Cap is understandably apprehensive about his past, though we should keep in mind that Cap did have these memories at one time and still went on to become the one and only Captain America--so what we're about to see here isn't likely to be overly traumatic, at least to the degree that he was unable to deal with it or that his childhood affected his adulthood detrimentally. So we can perhaps simply look at this story as the "origin of Steve Rogers." For any other kid growing up in the late 1930s, we might regard these scenes as mundane; but the fact that we're watching the future Captain America gives them a, dare I say it, historical context.

For instance, we might expect the young Steve Rogers to have been a real go-getter, the apple of his father's eye. But we know from Steve's physical build that he might not have had the easiest childhood--and the person who more accurately fits the characteristics of the person we think of as Cap is actually his brother, Mike, who's very different from Steve in both temperament and ambition. Differences evident to a most discriminating father:

Thus, Walter Rogers distances himself from the son he regards as a disappointment--and, in turn, Steve develops a growing bitterness toward his father.

Things only grow worse in the years before World War II. Steve is preparing to attend State U., while Steve's brother, Mike, is attending a military academy. Mike's choice makes the patriotic Walter beyond proud, but only highlights the differences he sees between Mike and Steve:

Unsurprisingly, Steve benefits from the time away from home, immersing himself in the many different voices and diverse people found in a college setting. But in late 1941, his life would change forever--as tragedy strikes home, and his pacifism takes a sharp turn.

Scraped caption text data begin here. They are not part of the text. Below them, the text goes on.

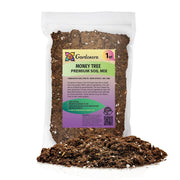 Gardenera front bag view showing brand and ready-to-use money tree mix benefits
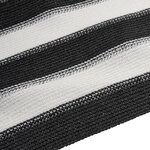 vidaXL Filet brise-vue anthracite et blanc 1 8x25 m PEHD 75 g/m²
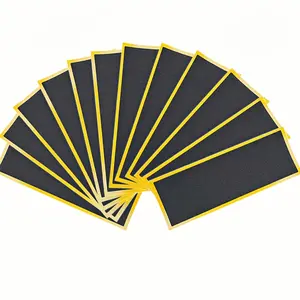 12pcs Black Foam Grip Tape, 38mm x 110mm - Self-Adhesive, Non-Slip, Anti-Skid Foam Pads for Skateboards, Bicycles, and More, Skateboard Grip |   AntiSkid Foam |   SelfAdhesive Tape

Which brings us, of course, to Steve's fateful decision, ironically brought about by the admission policies of the armed forces that Walter Rogers chided Steve for turning away from. And the moment finally comes when Captain America is able to bring all of his memories home:

Yet in a fascinating twist to this story, the effect that the experience has had on Cap has returned Steve Rogers to the world more fully than anyone could have expected. Nor is it likely to improve Harding's credibility with Fury:

For all intents and purposes, Cap's search for his identity has come to an end. (Er, much like Cap himself!) The "origin" of Steve Rogers is really nothing out of the ordinary, except of course for the extraordinary development that occurs in his life as part of "Project: Rebirth"; and his early life is equally unremarkable in a later, updated version of his origin told in 1991, where there are discrepancies. There, he grows up in the lower east side of Manhattan instead of an upper-middle-class home in Maryland; his parents are poor immigrants, Sarah and Joseph, who both died fairly early in Steve's life. Thomas, perhaps for the sake of the arc (and maybe due to the fact that he was only present to drop the first seed of the plot before exiting the book), made it seem as if this identity search was going to yield something far more ominous from his past, which doesn't seem to be the case.

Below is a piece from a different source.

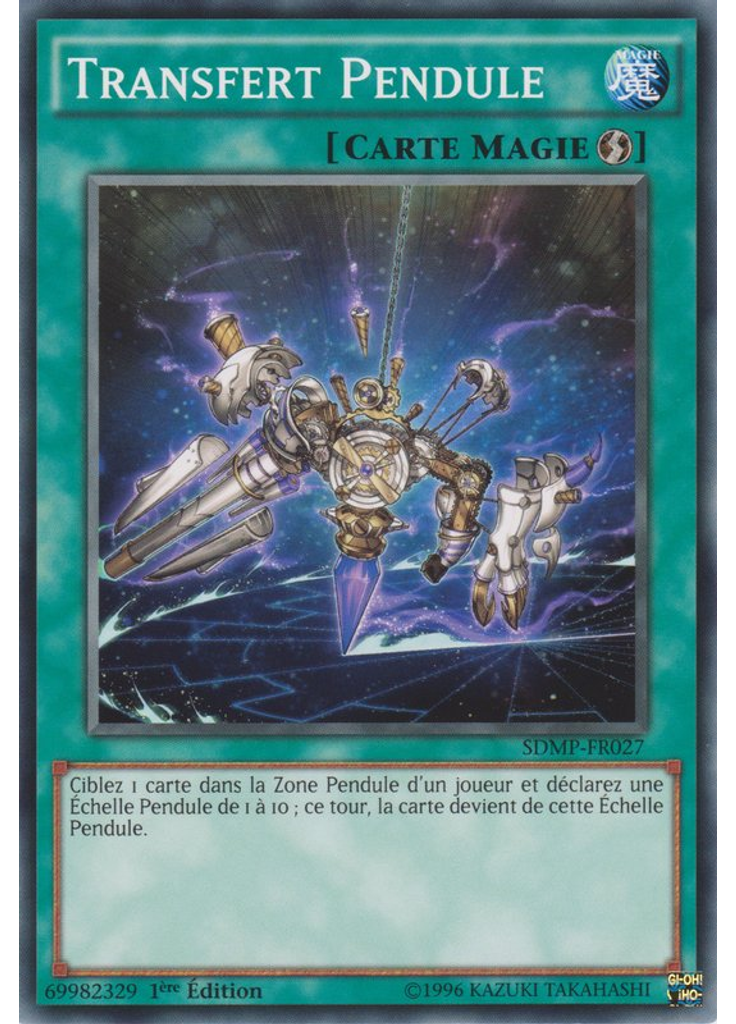 Transfert Pendule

As for how Cap's memories of his childhood vanished in the first place--well, with so many chefs in this kitchen, it seems that no one ever got around to making that clear. We're left to assume that the loss of these memories was due to exposure from Lyle Dekker's nerve gas in that plane explosion over Newfoundland in 1944--the same gas that placed him in suspended animation and caused him to forget the events that took place immediately after Bucky's death. But if that's the case, that would mean that in all the years since Cap's revival, he's never once let his thoughts drift back to his childhood only to realize that those memories weren't there.

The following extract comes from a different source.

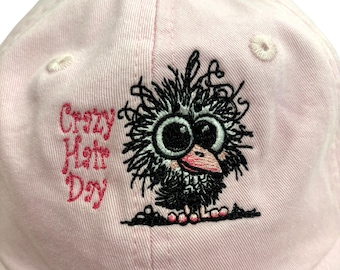 Crazy Hair Day Baseball Cap, Custom Embroidered, Special Ladies-Fit Adjustable Hats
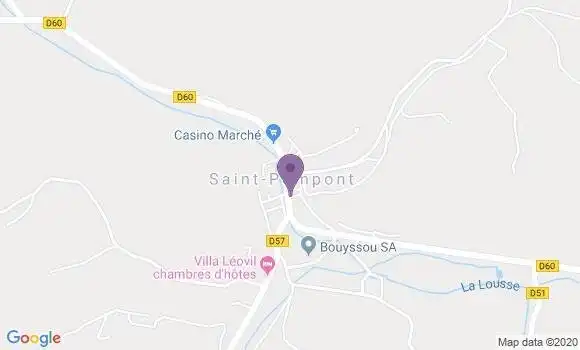 Localisation Saint Pompon Bp - 24170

At any rate, rest assured that Cap's regression was only temporary, wearing off in a moment of crisis where he embraces his past along with his present:

Uh, Cap--you're talking to a robot, which couldn't care less. But welcome back.

Captain America #225

Script: Steve Gerber
Layouts: Sal Buscema
Finishers: Mike Esposito and John Tartaglione
Letterer: Irv Watanabe


Anonymous said...

I've been waiting with interest for this post because I was recently reading that Captain America's parents were Irish immigrants which I didn't remember at all - but I wasn't reading any Marvel comics from 1983-2007 so if that newer version only comes from 1991 then that would explain it. The newer version is clearly an attempt to make him much less privileged but making him the son of poor Irish immigrants who die young is really piling on the misery and pushes things too far in the other direction.

david_b said...

Still one of the LAMEST origin revisits ever.

And small annoyance, but why does Cap launch that big tool with the wide, blunt end first..? Wouldn't it have made more sense for the narrow pole-end to pierce the robot more easier..?

I got excited by Sal's welcomed art (I REALLY did..), but the story was laughably insipid and lame.

Anonymous said...

Not to belabor the point but there's just such a bad taste to this examination of Steven Grant Rogers' childhood. To be roughly the age he would be, that 18-19 range, Freshman in college, he would have been born 1922-23ish. His family seems to have been roughly untouched by the Great Depression. I also didn't get a sense that with 15 years in the State Department either they or his dad spent any time abroad. And a civil servant position doesn't quite lead to idyllic homes.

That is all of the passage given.